President Obama's proposed 2013 budget is asking a lot of the rich -- specifically, $1.4 trillion in new tax burdens.
The $3.8 trillion budget proposal includes higher tax rates for couples making at least $250,000 and individuals earning at least $200,000. Dividends for these Americans would be taxed as ordinary income -- a whopping increase from the current 15 percent to 39.6 percent for those in the top income tax bracket. Prior to 2003, dividends were taxed as ordinary income.
The current top income tax bracket is 35 percent but would revert to 39.6 percent under the proposal, which would end the Bush-era tax cuts. Capital gains tax would increase from 15 percent to 20 percent.
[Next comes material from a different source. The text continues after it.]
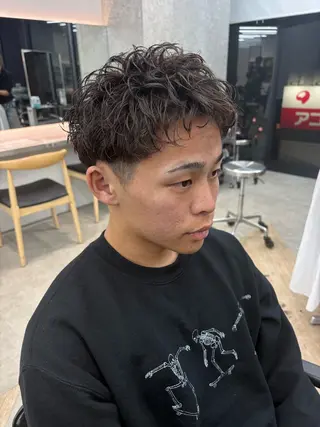 パーマ メンズ 🌀toa/波巻き✨ /メンズパーマ／栄のヘアスタイル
The administration claims the increased dividend tax would raise $206.4 billion over the next decade. Supporters maintain that the increased taxes on the wealthy will help spur the economy and control the deficit. Republicans are opposed, saying senior citizens will be hurt in retirement, and the plan will not improve the economy.
Obama is leveraging one of the best-known billionaire names in his proposal, Warren Buffett. In what's being called the "Buffett rule," he's replacing the alternative minimum tax with a 30-percent minimum tax on those earning $1 million or more. Last year, Buffett wrote an op-ed article in the New York Times in which he maintained that the rich aren't paying enough taxes.
Do you think Obama's proposal imposes a too-heavy tax burden on the rich?